Жизнь художника и жизнь приема в сознании художни­ка — вот тема Сирина, в той или иной степени вскрываемая едва ли не во всех его писаниях, начиная с «Защиты Лужи­на». Однако художник (и говоря конкретней — писатель) нигде не показан им прямо, а всегда под маскою: шахматис­та, коммерсанта и т. д. Причин тому, я думаю, несколько. Из них главная заключается в том, что и тут мы имеем дело с приемом, впрочем весьма обычным. Формалисты его зовут остранением. Он заключается в показывании предмета в не­обычной обстановке, придающей ему новое положение, от­крывающей в нем новые стороны, заставляющей воспринять его непосредственнее. Но есть и другие причины. Представив своих героев прямо писателями, Сирину пришлось бы, изо­бражая их творческую работу, вставлять роман в роман или повесть в повесть, что непомерно усложнило бы сюжет и потребовало бы от читателя известных познаний в писатель­ском ремесле. То же самое, лишь с несколько иными трудностями, возникло бы, если бы Сирии их сделал живописцами, скульпторами или актерами. Он лишает их профессиональ­но-художественных признаков, но Лужин работает у него над своими шахматными проблемами, а Германн над замыслом преступления совершенно так, как художник работает над своими созданиями . Я, впрочем, думаю, я даже почти уве­рен, что Сирии, обладающий великим запасом язвительных наблюдений, когда-нибудь даст себе волю и подарит нас без­жалостным сатирическим изображением писателя. Такое изображение 6ыло бы вполне естественным моментом в раз­витии основной темы, которою он одержим.

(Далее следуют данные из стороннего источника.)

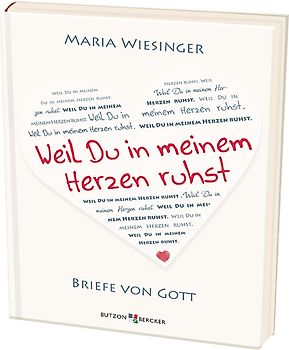 Weil Du in meinem Herzen ruhst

ГЛЕБ ПЕТРОВИЧ СТРУВЕ (1898—1985)

критик, поэт, переводчик, историк литературы

Из статьи «Об Адамовиче-критике» (Грани, апрель—сентябрь, 1957, № 34—35)

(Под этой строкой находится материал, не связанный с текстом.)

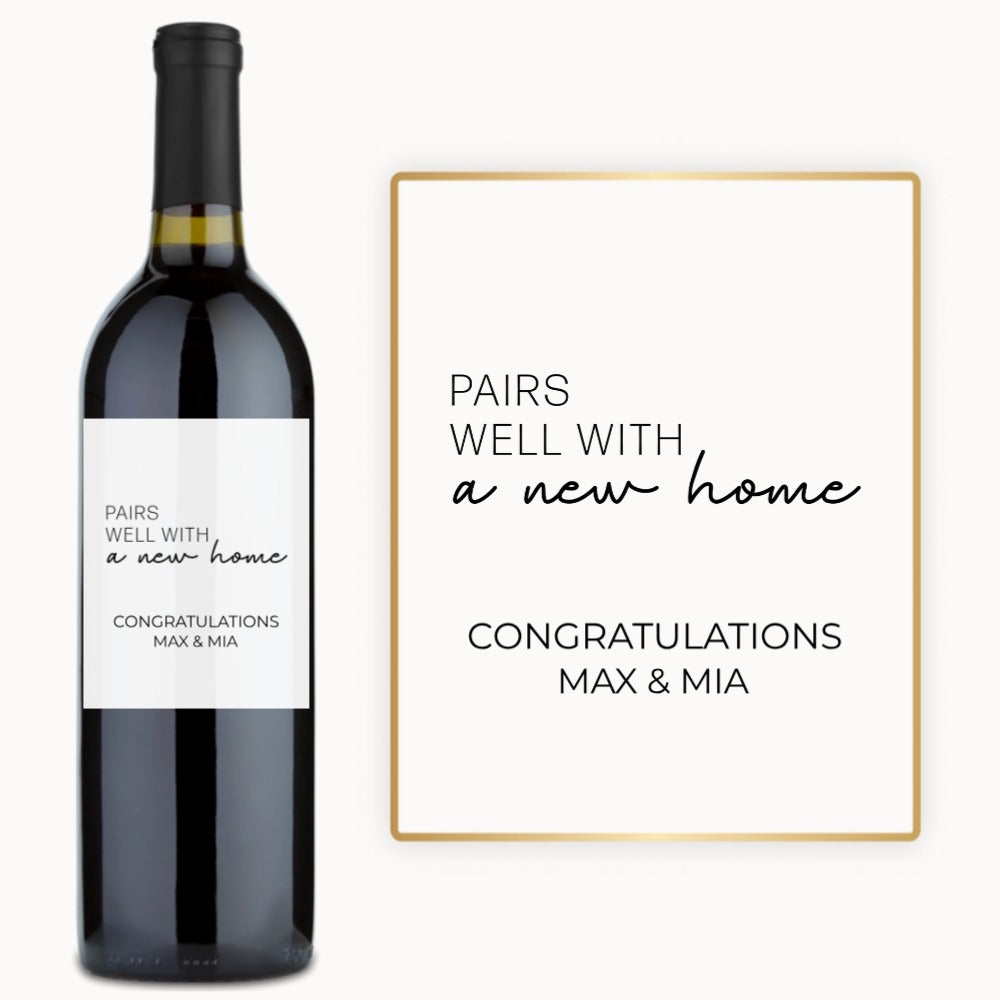 Pairs Well With a New Home – Custom Label Wine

.Адамович попадает прямо пальцем в небо, — напри­мер, когда он заявляет на основании одного-двух стихотворе­ний, что к поэзии В. Набокова «без Пастернака трудно подой­ти». С таким же успехом можно было бы говорить о близости Набокова к Маяковскому на основании стихотворения «О правителях» («Вы будете (как иногда говориться) смеяться, вы будете (как ясновидцы говорят) хохотать господа .») .Дело тут не в близости к Пастернаку или Маяковскому, а в необыкновенном даре переимчивости, которым обладает Набоков. Это одна из характернейших черт его литературной физиономии, и с этим связано его тонкое искусство пародии.